While the efforts to imitate Chinese porcelain first led to lasting results by the invention of soft-paste porcelain in France, the credit belongs to Germany of discovering and introducing into Europe the art of making true hard-paste porcelain of the Chinese type. The discovery was the outcome of researches not originally directed to this end. The romantic story of Johann Friedrich Böttger, the chemist to whom it was due, is well known: how he claimed to possess the secret of making gold, how he fled from Berlin across the Saxon border to avoid the covetous attentions of the King of Prussia, how he was promptly visited with the fate he wished to escape, at the hands of Augustus the Strong, Elector of Saxony and King of Poland, and how he spent a great part of a short life in fruitless efforts to make gold by alchemistic means for replenishing the Elector’s coffers. It was only when the needs of Augustus had become the more pressing, in consequence of the exhausting war with Sweden through which he lost the Polish Crown, that his optimistic credulity was in danger of being overtaxed.
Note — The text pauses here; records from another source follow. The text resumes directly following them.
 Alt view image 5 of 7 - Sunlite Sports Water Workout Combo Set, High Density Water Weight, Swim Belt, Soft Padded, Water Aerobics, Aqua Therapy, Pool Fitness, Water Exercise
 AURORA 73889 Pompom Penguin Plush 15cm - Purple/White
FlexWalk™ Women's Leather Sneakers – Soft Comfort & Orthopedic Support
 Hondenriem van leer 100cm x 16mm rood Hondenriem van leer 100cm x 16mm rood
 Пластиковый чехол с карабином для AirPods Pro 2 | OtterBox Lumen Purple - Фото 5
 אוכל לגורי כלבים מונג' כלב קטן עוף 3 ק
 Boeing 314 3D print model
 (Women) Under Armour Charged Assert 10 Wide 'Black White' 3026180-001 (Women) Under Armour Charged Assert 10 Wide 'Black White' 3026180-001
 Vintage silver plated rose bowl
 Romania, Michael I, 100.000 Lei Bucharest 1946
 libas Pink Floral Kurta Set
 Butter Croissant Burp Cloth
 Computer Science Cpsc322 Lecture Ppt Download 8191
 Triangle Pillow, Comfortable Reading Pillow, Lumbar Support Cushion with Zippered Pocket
Böttger foresaw that the Elector could no longer be duped, and the happy idea was suggested to him, probably by the chemist Von Tschirnhausen, of drawing a blind over his failure by another plan for enriching his royal master. The latter was foremost among the sovereigns of Europe as an amateur of the porcelain at that time being imported by Dutch merchants from the Far East; he was therefore likely to view with favour Böttger’s new scheme, which was no other than the restoration of Saxony’s prosperity by the establishment in the country of ceramic industries, and particularly of porcelain factories on the Chinese lines. All Böttger’s efforts were now turned in this direction. In 1708 a “Steinbäckerei” was started at Dresden for the manufacture of tiles, and shortly after Böttger’s celebrated red stoneware was invented. In 1710 he obtained a royal patent for the foundation of a porcelain factory; the site chosen for it was the fortress of Albrechtsburg, near Meissen, and in the course of the year the first samples were submitted to the Elector, two small cups with enamel decoration, still in the royal collection at Dresden. So began the manufacture of hard-paste china in Europe.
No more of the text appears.